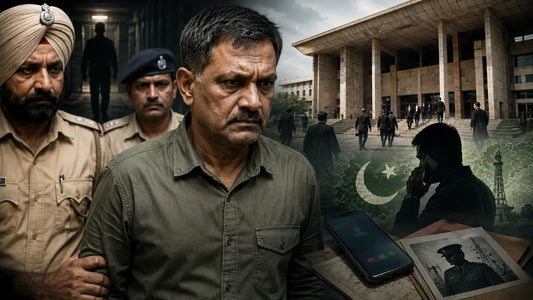 Punjab and Haryana High Court Denies Bail to Ex-Army Man Accused of Spying for Pakistan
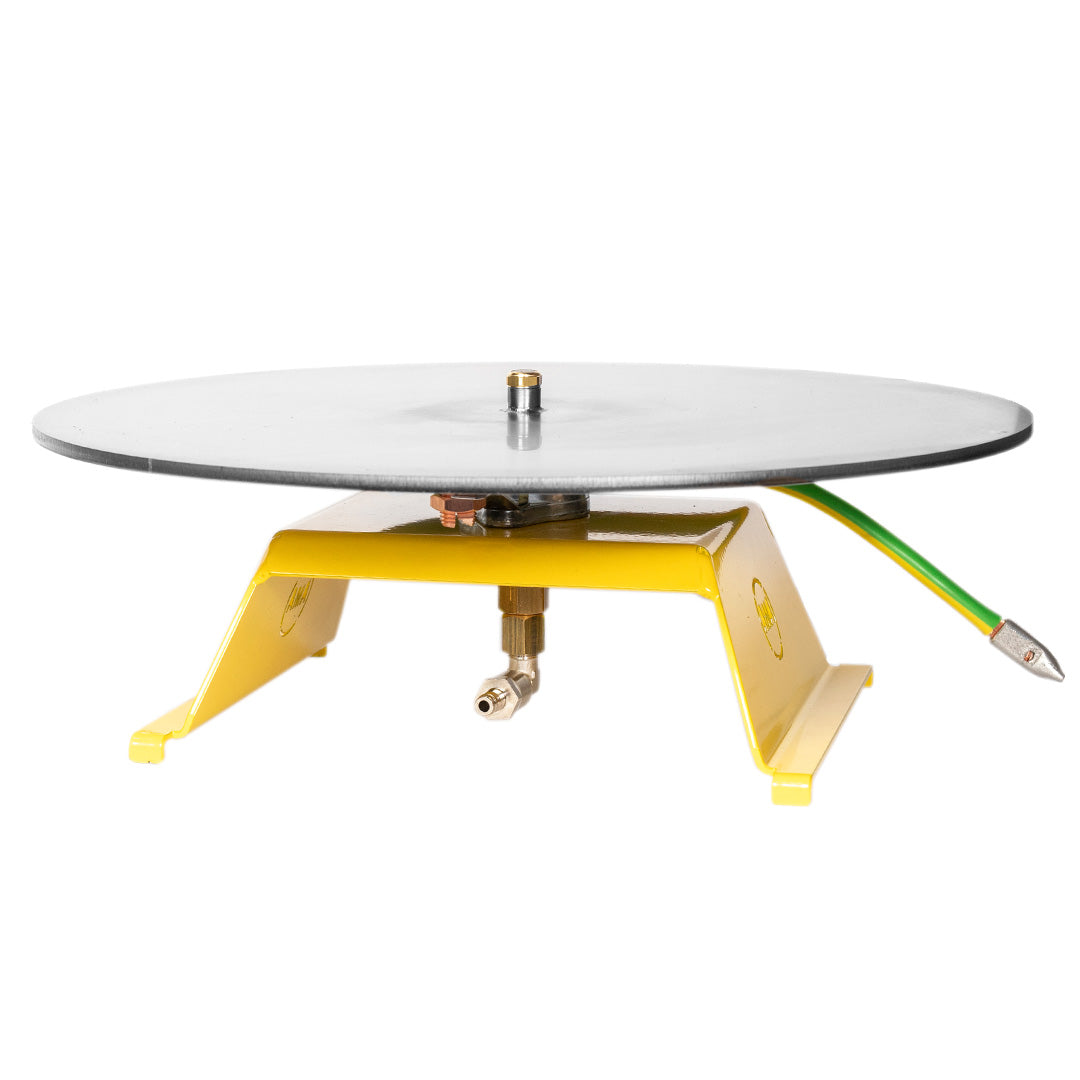 AMA® Purge Gas Turntable 400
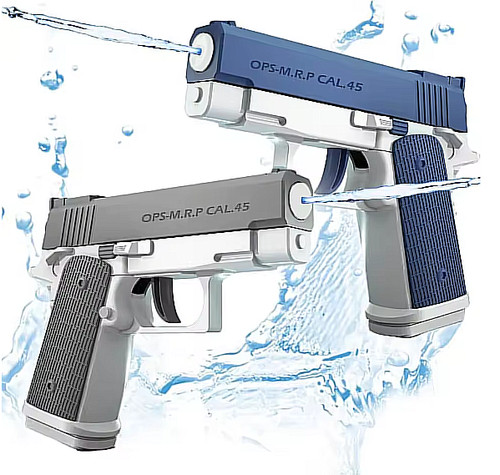 Pistolet eau électrique - pistolet,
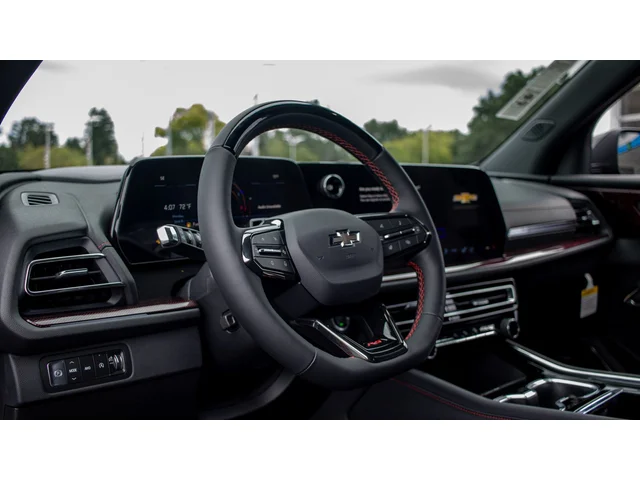 Nuevos CHEVROLET TRAVERSE à Estados chez autogozo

## GOAL OF THE EXERCISE
Copy the material verbatim. The pictures are not part of the copy.

## EXERCISE ANSWER
 Punjab and Haryana High Court Denies Bail to Ex-Army Man Accused of Spying for Pakistan
 AMA® Purge Gas Turntable 400
 Pistolet eau électrique - pistolet,
 Nuevos CHEVROLET TRAVERSE à Estados chez autogozo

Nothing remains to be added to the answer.